I am thrilled that the Olympics is going to Rio. Their children will benefit and it will be a huge and pleasurable benefit for the people of Brazil.
I don’t think that it is a huge loss for Obama. I am just appalled at the unnecessary and hugely expensive attempt he made to influence the outcome of the OG in favour of Chicago.
Does this mean that Chicago is out? If so then I am so glad to read this.
Well that is fascinating, especially the persistent speculation in the blogosphere that the fix was in, otherwise the President would not be going to Denmark (loss of prestige if denied etc.)
Now, is this as big a blow to BHO prestige as some assumed?
If Chicago lost, despite the presence of The One, does it mean that the rest of the world is racist?
CHANGE!
This was widely expected to come down between Rio and Chicago. Tokyo was a longshot due to the recent games in Beijing, and Madrid was unexpected because the next games are in London and the 2014 Winter Games are also in Europe. Plus it hasn’t bee that long since the Summer Games were in Barcelona. On the other hand, in 2016 it will have been twenty years since the games were in Atlanta; and of course they have NEVER been in South America, let alone Brazil.
The only surprise today was that Chicago was eliminated first, even before Tokyo, and Madrid made it into the final vote. Most early speculation (based on the committee’s questions to the Chicago deputation) blames the heightened – some would say excessive – security obstacles for foreigners coming to the US since 9/11. No one wants long lines of athletes waiting to get fingerprinted, detained by OHS, getting visas denied, etc. Travelling to the US for non-European visitors is just too fraught with difficulties. It had nothing to do with respect or lack thereof for President Obama, or lingering resentment for the previous administration, both of which I’ve seen suggested.
Good for Rio. They’ll do a great job, and it’s about time that South America was given the spotlight.
Excellent choice.
I fogot to add – this is a real coup for Duran Duran.
It works out quite well for Obama.
First, it is a minor loss. Victory would have created other headaches. Conservatives would have complained Obama appeased the IOC.
Second, Obama did a favor for his friends in Chicago. Rio, however, had a better case. He stuck his neck out and did what he could.
Third, Chicago didn’t need the games. Lots of Chicagoans don’t want the games there.
By handling loss magnanimously, Obama presents to the world that the US doesn’t have to win. But Obama knows that this is about sport, not nuclear weapons. He can cheer for the White Sox, even though the Yankees will go all the way.
But the media representation of this as damaging to Obama’s credibility says more about the media than Obama’s management of the economy and foreign relations and the military.
Friends in Chicago were having night mares about the negative impact they thought the games would have on Chicago and Chicago’s ability to rev up the infra structure needed for the games.
So my friends are pleased.
Here in Chicago the support – opposition to the games was almost exactly even at about 45%. (Like everywhere 10% never have an identifiable view point.)
This wont have any impact on domestic politics.
One hopes Rio does a great job.
Did he have to spend the taxpayers money to fly himself and his whole family over there for the 45 min. he spent to try and convince them to hold it in Chicago?

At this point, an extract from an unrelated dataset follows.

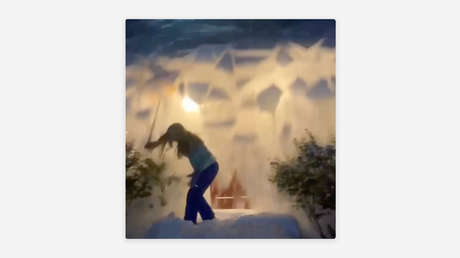 VIDEO: Intento de limpiar la nieve del techo tiene un final épico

Stop and think about the cost of that trip for him and his whole family for 45 minutes spent. If it had been Bush he would have caught *%#@!
TLDillon, it doesn’t particularly bother me either way, but do we know for sure that his trip wasn’t financed or subsidized by the Chicago bid committee?
Since he has his own plane, the cost of sending his whole family is not any greater than him going by himself. We already pay for his meals, etc, so it’s not like the cost is equivalent to you or I taking our family to Copenhagen.
Congrats to Brazil. They deserved to win. As for Chicago, if I lived there I would be overjoyed. Hosting the Olympics is monumentally expensive, it’s a security nightmare, and we won’t even talk about traffic or parking.
Not if he took Air Force One…which he did as we tax payers pay for that ode of transportation.
#8, John, I don’t know that this works out well for him, though probably does for Chicago. This is one more nail for Obama in the coffin of “he flits from issue to issue, cause to cause, without getting anything done.” Also, he allegedly went to put Chicago over the top. Not only did he not do that, but Chicago came off last in the cities left in the competition. Also, there is the taxpayer money spent in this time of austerity for everyone else, as #11, notes. In addition, he is subject to the charge (probably true) that he once again used his position to support and advance labor unions, many of whom would have probably been rewarded by the building required by all Olympic games, in heavily unionized Illinois. And finally, from a political perspective. most folks, even those not politicians, don’t like to see the POTUS spend time, money and effort on something in front of the world and not have it be successful. Carter, at least, was politic enough not to bring Begin and Sadat to Camp David until he was sure they had worked out the Accords between themselves. I agree with you that it is a minor loss (most Americans don’t care if Chicago got the Olympics or any other American city for that matter). But it is a loss that combined with others may be pointed to at a later time.
It costs millions and millions of dollars to get the president anywhere, especially a long-distance trip like this. In addition to the costs of his own flight, they have to move a full Secret Service team over there with all of their support and equipment, including the president’s bulletproof limousine and all of those black bulletproof Suburbans you always see (which are among other things equipped with a mounted .50 cal. Gatling Gun that can pop through the roof). http://www.youtube.com/watch?v=lkmBH-MjZF4
He also has several Marine helicopters always available that are used as an alternate escape route if he cannot get to Air Force One.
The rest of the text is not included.